● Assigned task
When the line with "Rubans strips 12,4W/m" turns up below, begin repeating exactly, and carry on through the line with "南京互勉｜绿是流动的海🍃"; no pictures go into the copy.

● Information provided

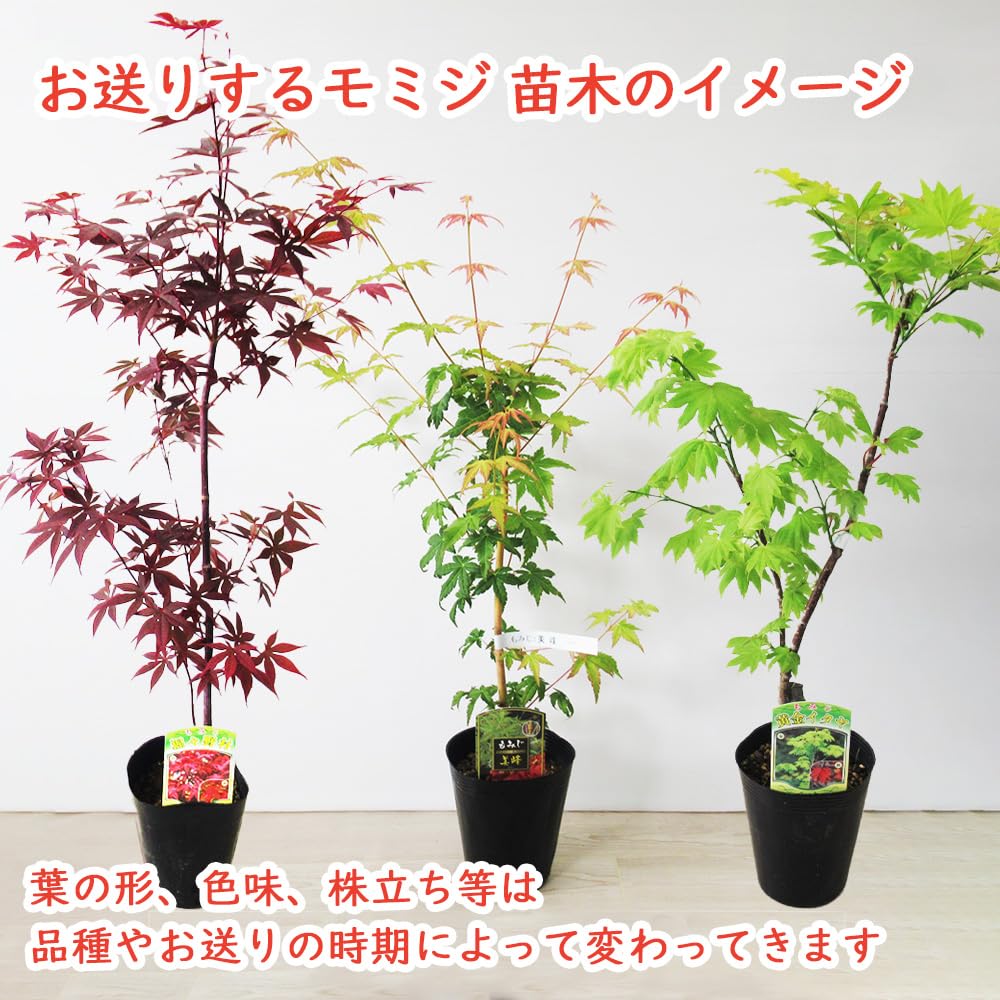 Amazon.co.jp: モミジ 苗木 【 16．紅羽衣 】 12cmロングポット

--

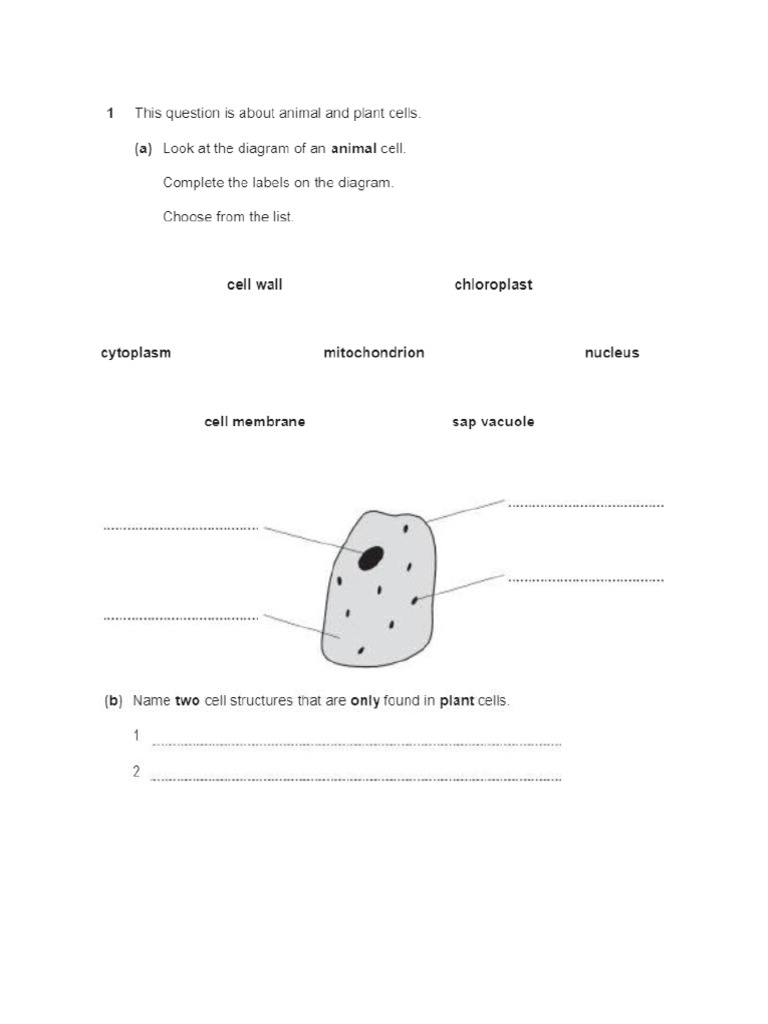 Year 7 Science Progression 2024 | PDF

==

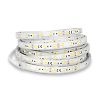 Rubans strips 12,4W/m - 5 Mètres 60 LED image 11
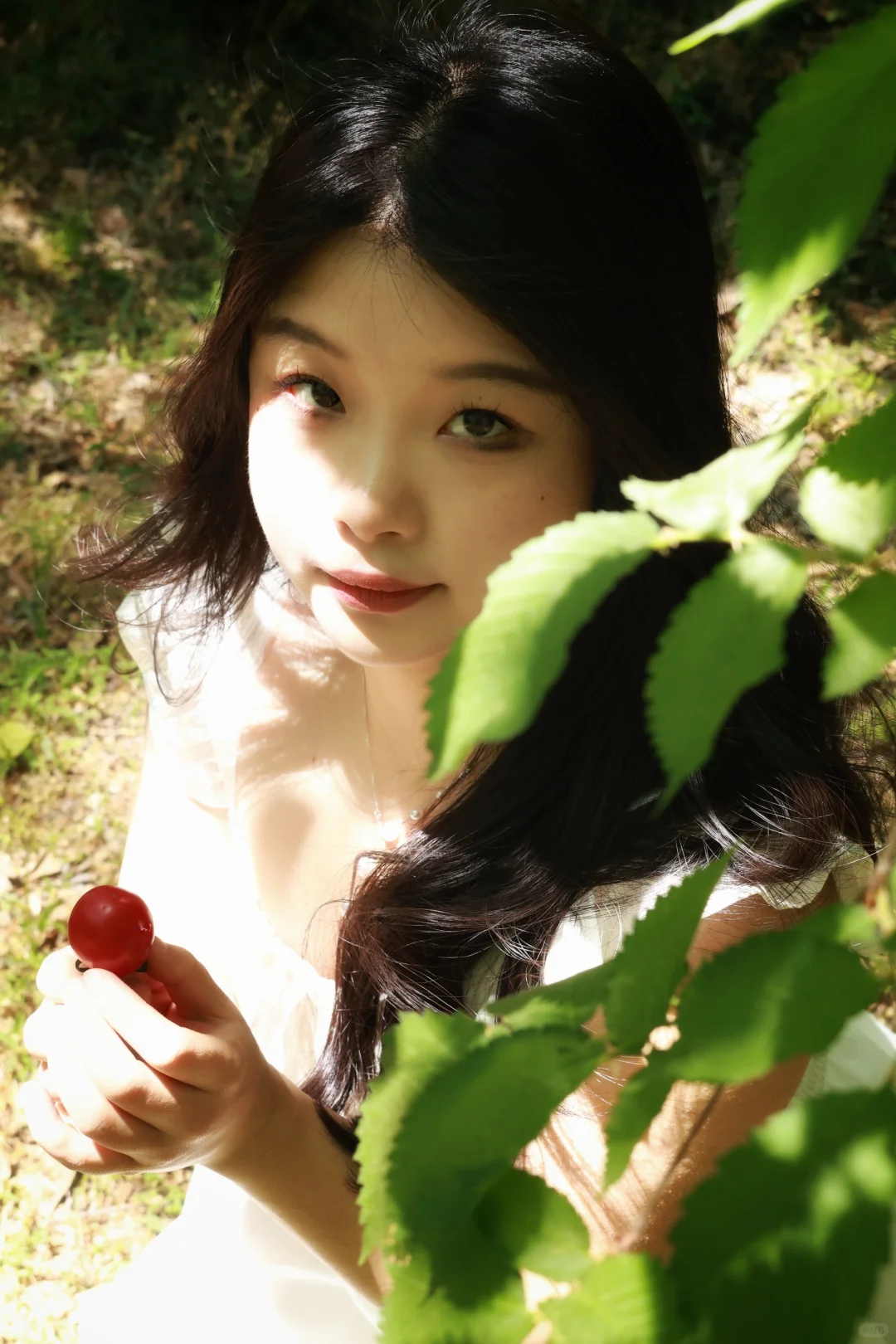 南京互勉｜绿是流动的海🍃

● Exercise result
 Rubans strips 12,4W/m - 5 Mètres 60 LED image 11
 南京互勉｜绿是流动的海🍃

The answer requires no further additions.